JÉRUSALEM : Un soir ordinaire à Kufr Aqab, Arafé Rajabi, excédé par une énième partie de rodéo urbain sous ses fenêtres, descend se plaindre. Quinze minutes plus tard, il est abattu par balle dans ce faubourg de Jérusalem-Est devenu un véritable «Far West».

Pour se rendre à Kufr Aqab, à une dizaine de km au nord du centre-ville de Jérusalem, il faut traverser un checkpoint de l'armée israélienne et franchir un mur de béton de plusieurs mètres de haut.
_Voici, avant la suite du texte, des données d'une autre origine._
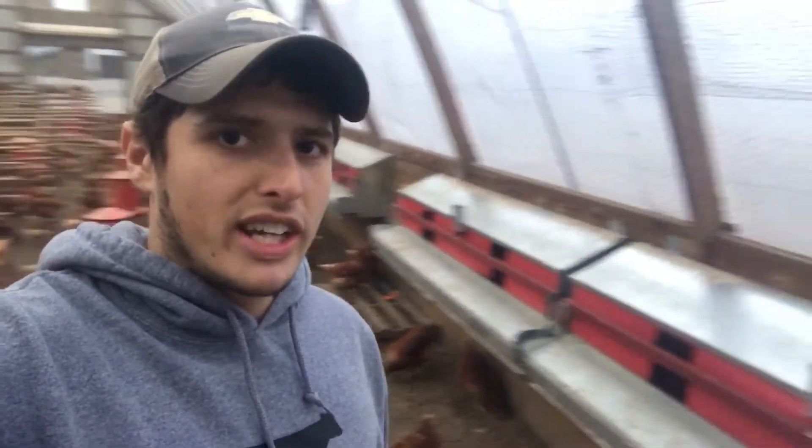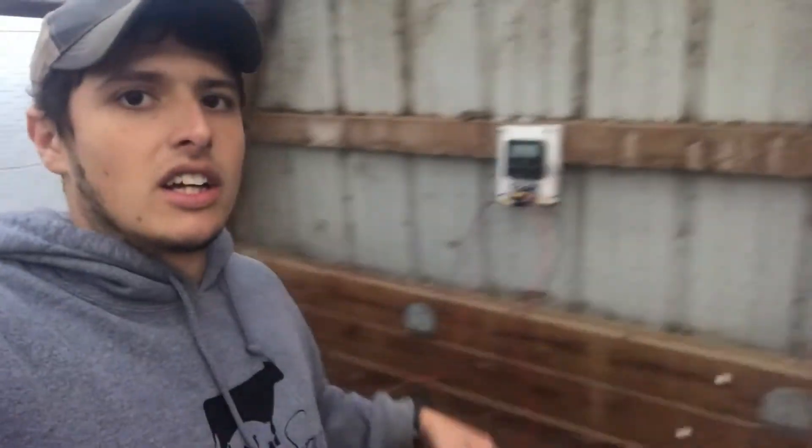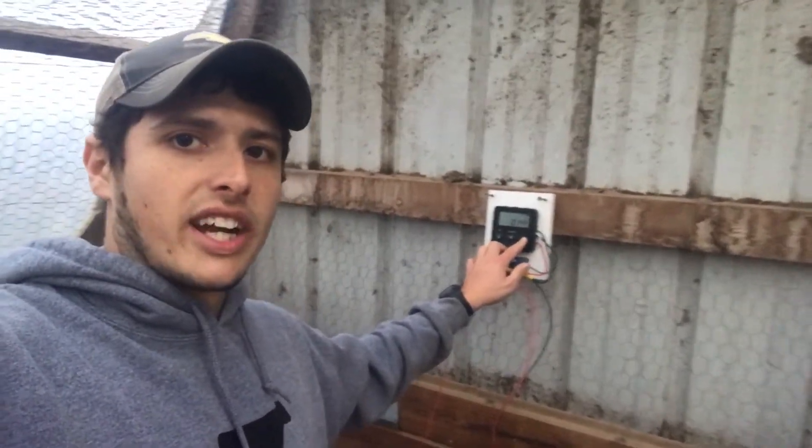So we've been working real hard the last few months, my brothers and I, and we just came out with our new release mechanism. It includes a spring, a motor, a battery, and a timer. I'm just going to go ahead and release them real quick here to show you guys how it works.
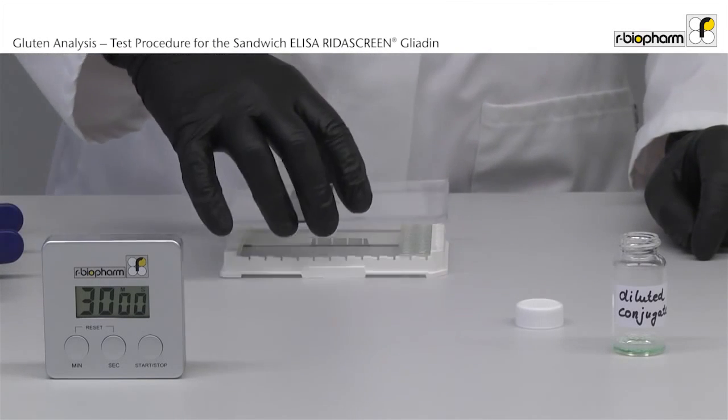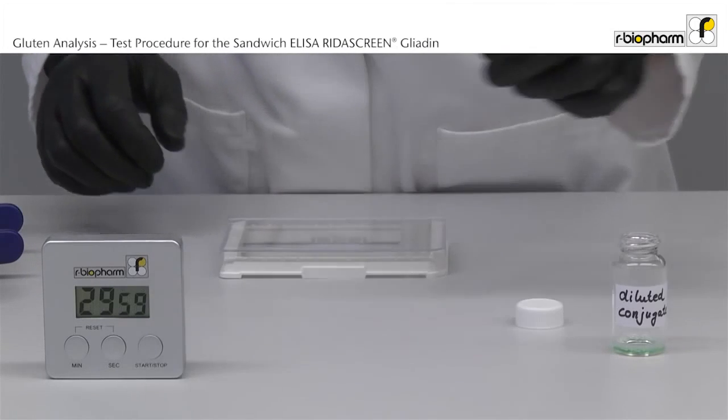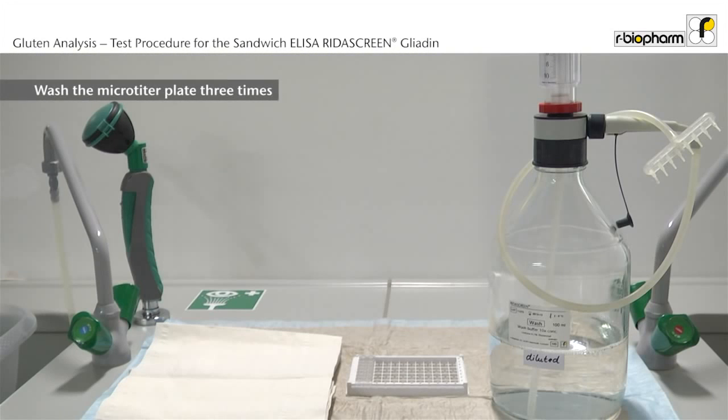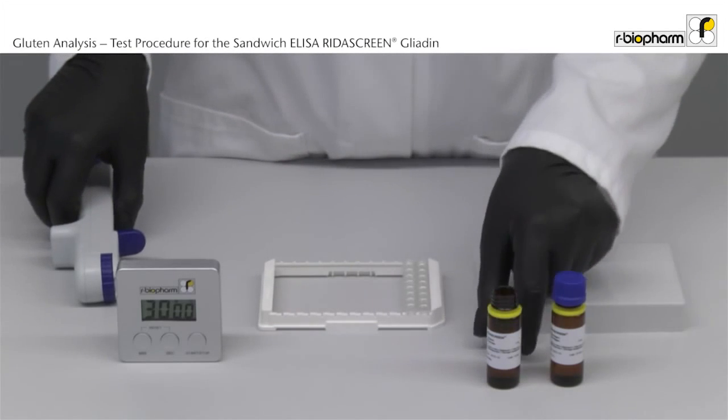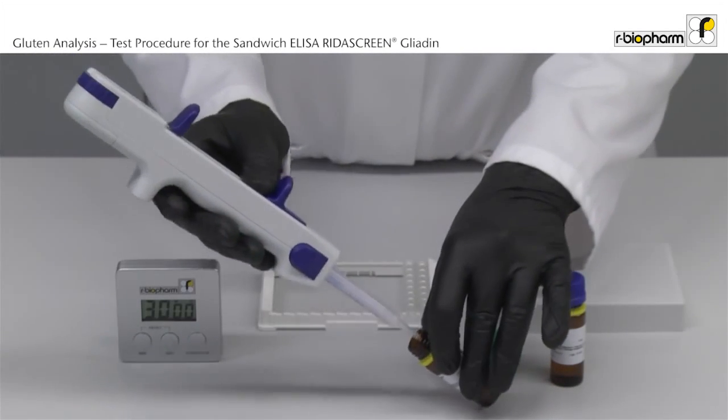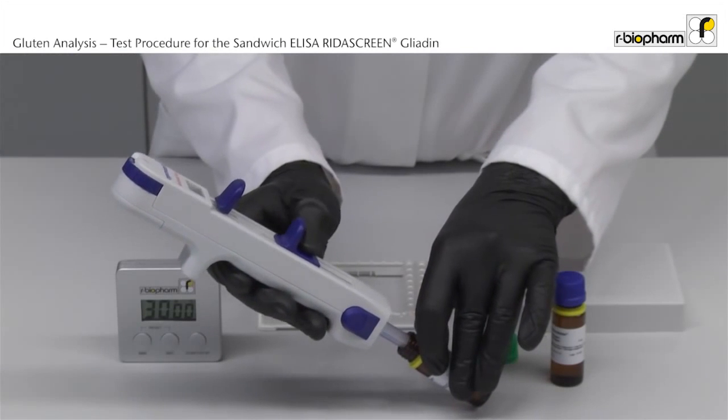Incubate for 30 minutes at room temperature. Put a lid on the plate. After the incubation the plate is washed 3 times. After washing, add 50 microliter of substrate and 50 microliter of chromogen solution to each well with the multi-stepper.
Car ce quartier palestinien de la Ville Sainte se trouve derrière la barrière israélienne de séparation érigée en Cisjordanie occupée.

Israël, qui a annexé Jérusalem-Est près l'avoir conquise en 1967, considère Kufr Aqab comme faisant partie intégrante de son territoire. La plupart des habitants payent leurs impôts à la municipalité sous autorité israélienne.

Mais une autre partie de ce vaste quartier dépend de l'Autorité palestinienne, dont les forces n'ont pas le droit de se rendre du côté annexé par Israël.

La police israélienne, elle, ne s'aventure quasiment jamais à Kufr Aqab, créant un vacuum idéal pour le crime, le trafic d'armes et de drogues, disent les habitants.

«Il y a des coups de feu sans arrêt, aucune autorité, ni police, ni loi», soupire Imane Rajabi, qui élève seule ses quatre enfants depuis la mort, en 2021, de son mari Arafé, abattu «en 15 minutes» avec trois autres personnes par des habitants du quartier munis de M16.

«C'est la jungle et on ne sait pas à qui se plaindre», poursuit-elle, affirmant que la police israélienne a mis plusieurs jours à se déplacer après la mort de son mari.

Contactée par l'AFP à ce sujet, la police a indiqué avoir «arrêté plusieurs suspects» et fait état d'inculpations, sans plus de précisions.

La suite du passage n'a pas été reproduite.